Prompt » Your answer must be an exact copy of the lines from the one holding "gql10清胡湄玉堂富贵绢166×88超高清电子版中国古代名画图片素材" through the last line of the entries below, with nothing added.

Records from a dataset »

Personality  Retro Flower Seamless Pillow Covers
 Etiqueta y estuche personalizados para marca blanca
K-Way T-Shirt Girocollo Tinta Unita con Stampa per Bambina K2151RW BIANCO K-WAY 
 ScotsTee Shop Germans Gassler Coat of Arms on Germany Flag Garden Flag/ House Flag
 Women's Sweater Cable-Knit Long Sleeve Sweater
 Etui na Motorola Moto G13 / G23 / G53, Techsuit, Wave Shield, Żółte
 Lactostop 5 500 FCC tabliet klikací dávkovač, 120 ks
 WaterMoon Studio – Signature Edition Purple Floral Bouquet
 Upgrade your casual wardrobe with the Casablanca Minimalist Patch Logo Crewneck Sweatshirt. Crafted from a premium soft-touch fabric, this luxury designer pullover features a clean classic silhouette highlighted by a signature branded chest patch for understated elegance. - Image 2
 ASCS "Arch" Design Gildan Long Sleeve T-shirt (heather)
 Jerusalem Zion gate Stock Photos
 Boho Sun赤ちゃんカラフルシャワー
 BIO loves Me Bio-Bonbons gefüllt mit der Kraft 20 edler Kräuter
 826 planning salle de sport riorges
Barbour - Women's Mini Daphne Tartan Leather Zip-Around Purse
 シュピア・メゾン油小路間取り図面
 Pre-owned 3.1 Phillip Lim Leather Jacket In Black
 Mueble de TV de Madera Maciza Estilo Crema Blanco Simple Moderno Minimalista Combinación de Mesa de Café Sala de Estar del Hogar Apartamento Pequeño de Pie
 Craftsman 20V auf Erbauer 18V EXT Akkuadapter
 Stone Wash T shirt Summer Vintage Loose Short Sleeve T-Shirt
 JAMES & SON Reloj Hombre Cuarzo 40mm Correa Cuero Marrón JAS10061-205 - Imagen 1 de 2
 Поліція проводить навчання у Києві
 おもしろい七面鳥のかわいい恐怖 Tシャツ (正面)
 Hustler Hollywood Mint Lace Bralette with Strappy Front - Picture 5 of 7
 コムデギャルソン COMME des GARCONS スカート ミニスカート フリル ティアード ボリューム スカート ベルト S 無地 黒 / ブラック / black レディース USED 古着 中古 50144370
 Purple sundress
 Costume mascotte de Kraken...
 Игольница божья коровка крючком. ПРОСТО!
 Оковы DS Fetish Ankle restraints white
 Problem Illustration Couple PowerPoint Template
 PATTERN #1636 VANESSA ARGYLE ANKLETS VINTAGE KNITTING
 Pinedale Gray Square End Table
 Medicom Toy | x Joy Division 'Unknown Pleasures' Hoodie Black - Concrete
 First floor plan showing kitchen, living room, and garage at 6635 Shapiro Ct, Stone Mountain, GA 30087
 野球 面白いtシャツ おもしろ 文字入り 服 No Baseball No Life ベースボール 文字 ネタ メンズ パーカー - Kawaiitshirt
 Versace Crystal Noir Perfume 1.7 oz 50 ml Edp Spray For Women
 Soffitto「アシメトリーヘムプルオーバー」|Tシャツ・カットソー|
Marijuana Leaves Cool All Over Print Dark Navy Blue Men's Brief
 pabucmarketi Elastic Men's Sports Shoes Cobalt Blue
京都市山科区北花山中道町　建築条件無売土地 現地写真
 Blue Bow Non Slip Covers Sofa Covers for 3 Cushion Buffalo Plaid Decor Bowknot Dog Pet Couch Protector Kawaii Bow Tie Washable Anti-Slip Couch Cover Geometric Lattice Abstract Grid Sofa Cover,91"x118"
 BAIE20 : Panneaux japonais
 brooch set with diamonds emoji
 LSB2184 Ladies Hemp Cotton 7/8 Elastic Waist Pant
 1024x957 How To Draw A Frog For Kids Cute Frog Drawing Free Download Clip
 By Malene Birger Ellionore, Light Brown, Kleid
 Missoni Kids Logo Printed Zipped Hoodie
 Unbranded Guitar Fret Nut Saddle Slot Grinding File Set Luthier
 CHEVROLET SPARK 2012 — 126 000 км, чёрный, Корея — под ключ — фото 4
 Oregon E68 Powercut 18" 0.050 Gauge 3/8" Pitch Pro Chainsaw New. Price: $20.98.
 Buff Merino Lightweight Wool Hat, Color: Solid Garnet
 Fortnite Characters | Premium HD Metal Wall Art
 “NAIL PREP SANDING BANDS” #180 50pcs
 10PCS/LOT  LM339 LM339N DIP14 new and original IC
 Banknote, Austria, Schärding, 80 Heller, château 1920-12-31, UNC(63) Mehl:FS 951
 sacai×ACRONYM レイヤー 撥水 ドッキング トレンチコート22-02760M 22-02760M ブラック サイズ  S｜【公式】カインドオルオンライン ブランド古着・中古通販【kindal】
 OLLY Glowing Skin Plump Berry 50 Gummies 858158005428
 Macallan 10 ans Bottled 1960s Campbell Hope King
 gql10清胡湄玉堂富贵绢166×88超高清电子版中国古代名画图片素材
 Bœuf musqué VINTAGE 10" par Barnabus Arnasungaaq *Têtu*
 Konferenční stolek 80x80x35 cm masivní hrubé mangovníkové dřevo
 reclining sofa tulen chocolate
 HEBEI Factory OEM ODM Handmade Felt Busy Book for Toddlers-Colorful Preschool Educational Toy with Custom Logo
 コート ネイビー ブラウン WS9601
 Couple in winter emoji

Answer to this task »
 gql10清胡湄玉堂富贵绢166×88超高清电子版中国古代名画图片素材
 Bœuf musqué VINTAGE 10" par Barnabus Arnasungaaq *Têtu*
 Konferenční stolek 80x80x35 cm masivní hrubé mangovníkové dřevo
 reclining sofa tulen chocolate
 HEBEI Factory OEM ODM Handmade Felt Busy Book for Toddlers-Colorful Preschool Educational Toy with Custom Logo
 コート ネイビー ブラウン WS9601
 Couple in winter emoji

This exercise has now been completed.